Pieth, whose IGC have been an integral part of the FIFA reform process from the outset, provided his frank evaluation of how far, or not, he felt FIFA has come. "As we sit here today, there have been some very clear achievements," said Pieth. "There are still some challenges ahead but this is a process of self-regulation, and it takes time.
"In a relatively short space of time, it's quite spectacular so far what has been achieved. Now we have credible, independent judiciary, and this is the first essential step: to have an investigator and a judge, along with their chambers.
"They (Garcia and Eckert) have both hit the ground running and it's tremendous how they've thrown themselves into their work. The work of Mr Scala and his Audit and Compliance Committee is also another essential step."
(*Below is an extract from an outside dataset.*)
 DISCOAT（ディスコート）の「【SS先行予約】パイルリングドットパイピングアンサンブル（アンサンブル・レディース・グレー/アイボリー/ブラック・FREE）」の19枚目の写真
Pieth explained that in his view, the media focus on the age limits and terms of office had been "personally hyped up. I've said already that to change any association, it takes time; it's a process. But the key is that the organisation must understand this too. We need to see implementation, and adaptation."
Roles and responsibilities of the Ethics Committee
As the Chairman of the Ethics Committee's Investigative Chamber, Michael Garcia clarified his roles and responsibilities. "My role is to collect facts and proof, and then once that process is complete, to refer my report to Mr Eckert" he explained.
Asked about constant media speculation about the bidding process for the 2022 FIFA World Cup Qatar™, Garcia said. "I've gone on the record before to say that I was referred a story by a London (news)paper. I will be looking at some of the processes, but if there is any information out there, now is the time to give it to me.
"In the course of any investigation, I am bound by confidentiality. I clearly cannot divulge information from an ongoing proceeding, as I also want to protect anyone who would wish to come to me in good faith."
Cooperation from FIFA
All Chairmen were asked about the cooperation they had received from FIFA, and whether they had been obstructed in their duties to date. "A year ago I met Julio Grondona (Chairman of FIFA's Finance Committee) in the office of Mr Kattner (FIFA's Director of Finance). The cooperation has been very good and he has been astonishingly open with me" said Scala.
Outlining the ethical guidelines demanded by the Ethics Committee, Hans-Joachim Eckert was abundantly clear: "FIFA staff have the obligation to cooperate with the investigatory bodies and there are penalties for anyone who doesn't comply with our request to speak to them, or provide documents we require."
While the conclusion of the 63rd Congress sees the 'end' of the last two years of the FIFA reform process, the final word goes to FIFA President Joseph S. Blatter: "I am very happy that we came to some major decisions today. We needed to show the world that we meant business when we said we were working hard to reform the way the game is governed.
“Will this positively change the public perception of FIFA. Maybe. I would hope so, but I really don’t know. However, it is the wrong question. The question is: Do WE want to change? There is only one answer: Yes! Because we need to.
"Because football needs this. Because it’s time. We will let others judge us, as we aim to turn words, into action. Our ambition must be to protect this game and develop it in the best way we can, for the current generation, but for all those who will be involved in this amazing game for generations to come."